Authors: Ruth Francisco
At first there were rumors terrorists had released the virus as a biological weapon, but there’s no evidence of that.
The evening news reported the CDC now suspects the virus originated in Thailand, and they’re calling it the Thai Flu.
The first U.S. cases were reported in San Pedro and Long Beach, both major shipping ports in Southern California.
Ships are now being quarantined, but it is already too late.
Last night I checked on Myra Applegate.
She is still on a respirator.
She was one of the early cases, so at least she got one.
She doesn’t remember me or anything that happened to her.
We’re not sure if she’ll live.
Mayor Malcolm Jefferson issued a health warning telling people to wash their hands, to cover their noses and mouths if they coughed or sneezed, and to isolate themselves.

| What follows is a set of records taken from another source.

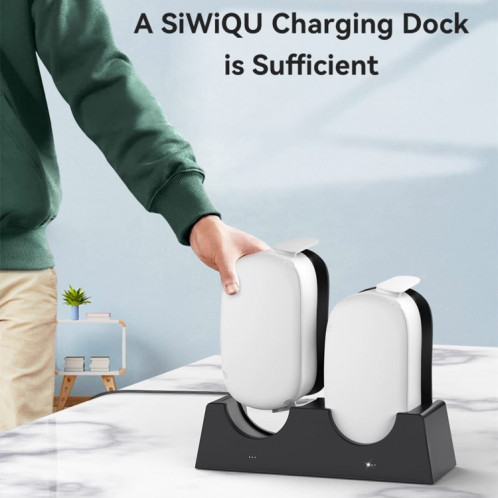 Pour Oculus Quest 2 Support de charge VR Accessoires VR Support de stockage hôte Double support de charge SH90221474-09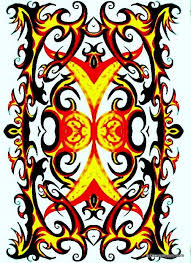 Pengertian batik adalah merupakan suatu seni dan cra menghias kain dengan penutup lilin untuk membentuk sebuah bidang pengertian batik : 7 Batik Dayak Ideas Batik Borneo Tattoo Borneo
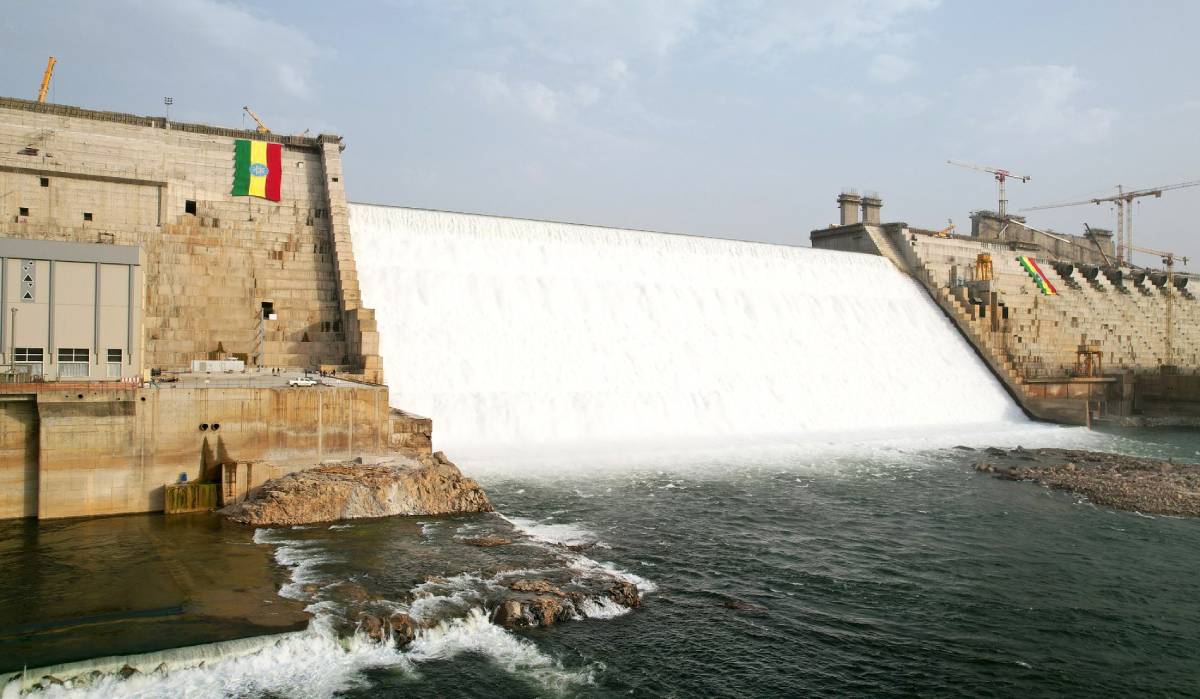 Commissioned in February 2022, the Grand Ethiopian Renaissance Dam is expected to generate more than 5,000 MW of electricity in the long term. HYBRID_PRODUCTION ETHIOPI/SHUTTERSTOCK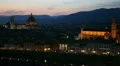 Aerial View of Florence, Italy, Florence Cathedral, Duomo, Santa Croce Church HD Footage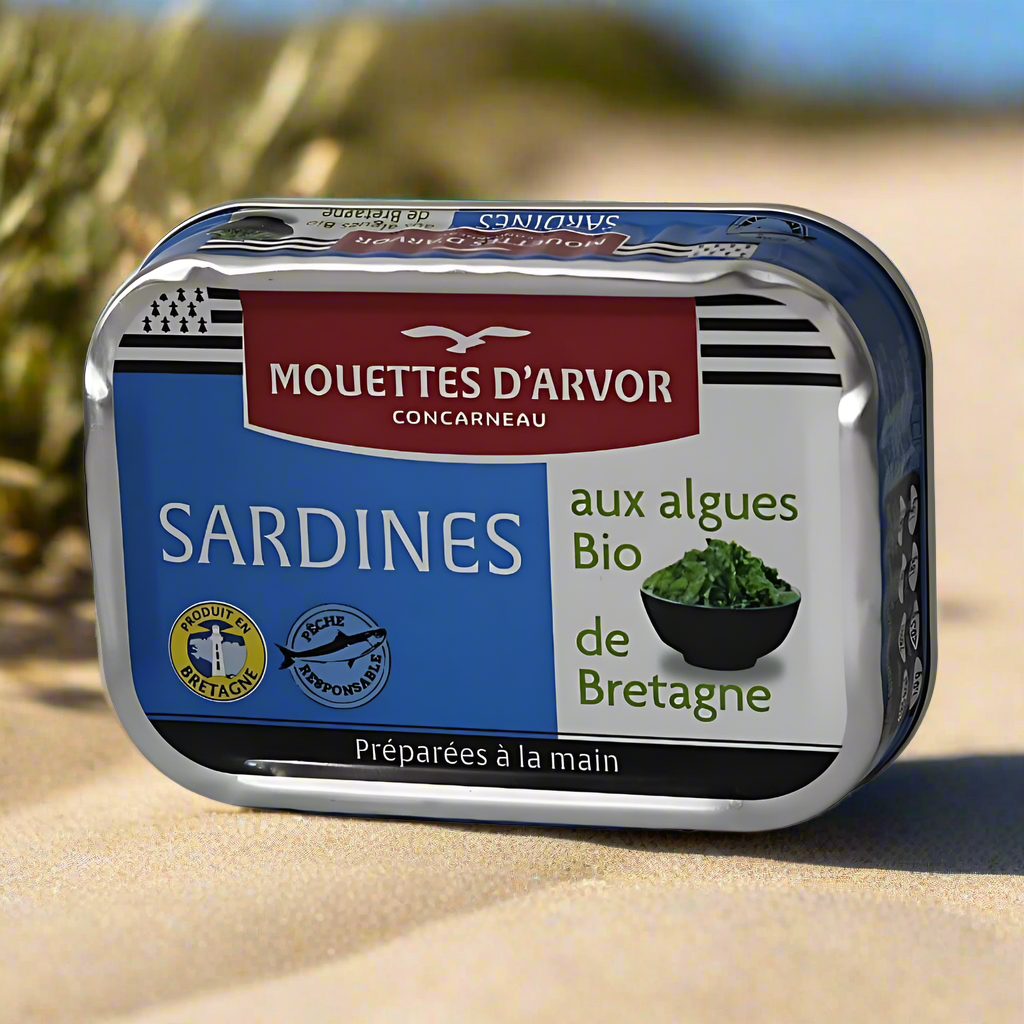 Sardines with seaweed from Brittany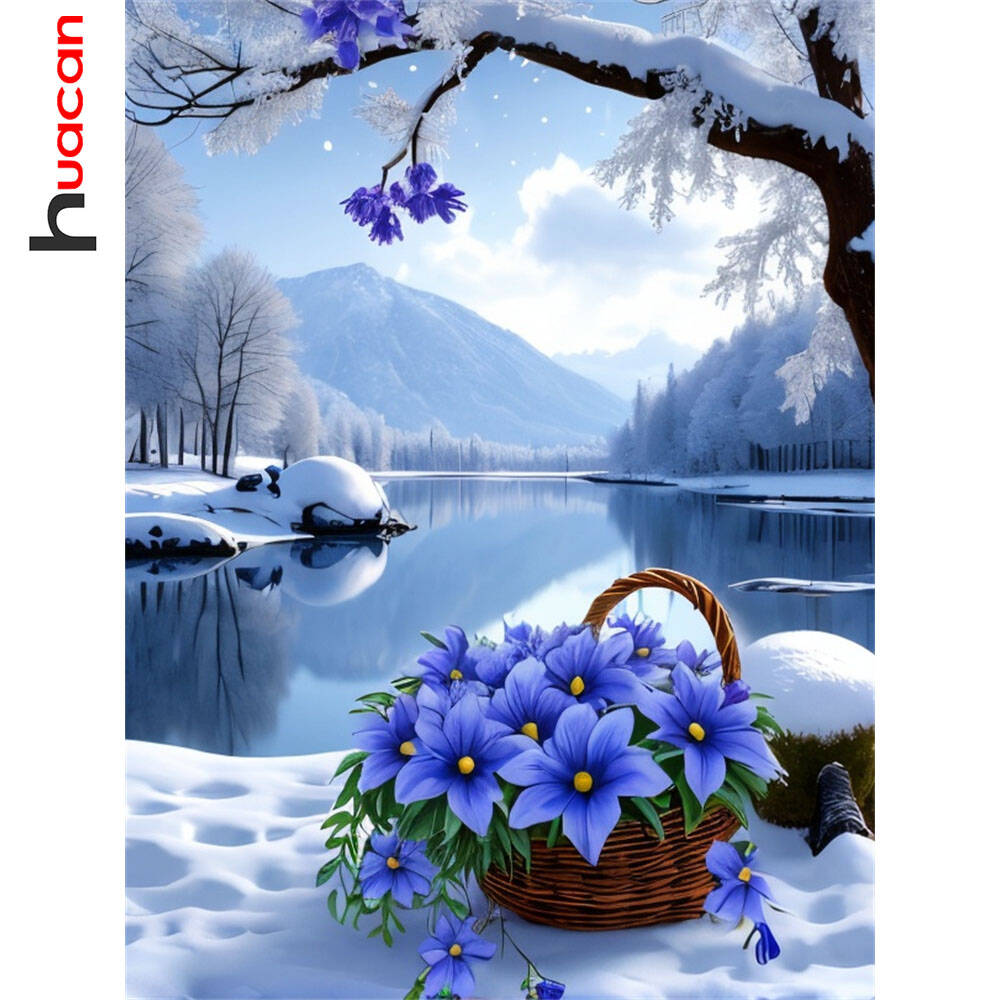 Huacan 2025 다이아몬드 그림, 돌고래 하늘 다 - Art Craft Winter 리뷰 및 가격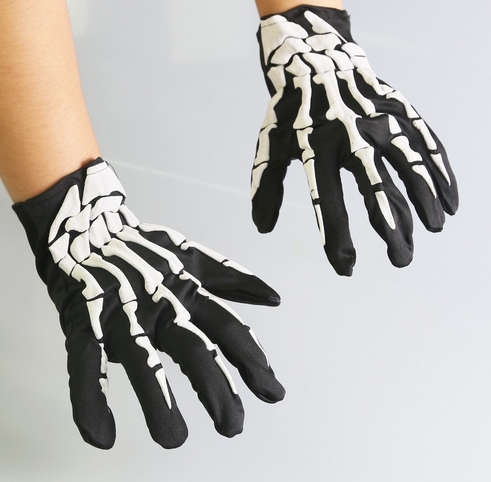Skeleton Gloves | Skeleton Hand Gloves | Adults & Kids Size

Schools have been closed, movie theaters, and any place where people congregate.
Venice Beach, City Walk, Universal Studios, Disney Land, Magic Mountain are all closed.
Two thousand National Guard patrol the streets, but the city is so vast they have difficulty controlling the movement of the population.
People in LA are used to being outside, and despite the constant news updates and exhortations to
isolate,
it’s hard to get them to stay in.
People don’t yet take the epidemic seriously—it’s only the flu, after all.
They don’t understand.
The mayor hasn’t imposed quarantine yet, but that’s next.
Restaurants are closing not because of the health warning, but because nobody is going out.
Plus there’s not enough help.
Everyone is getting sick.
#
Sunday, September 22, 2013
It’s unbelievable how fast this thing is spreading.
All it takes is inhaling one little droplet from a sick person.
The virus attaches itself to the epithelial cells of the respiratory tract with spikes, and within fifteen minutes it invades the healthy cell.
It starts reproducing like crazy within the cell, and after about ten hours, the cell bursts, releasing thousands of viruses that invade other cells.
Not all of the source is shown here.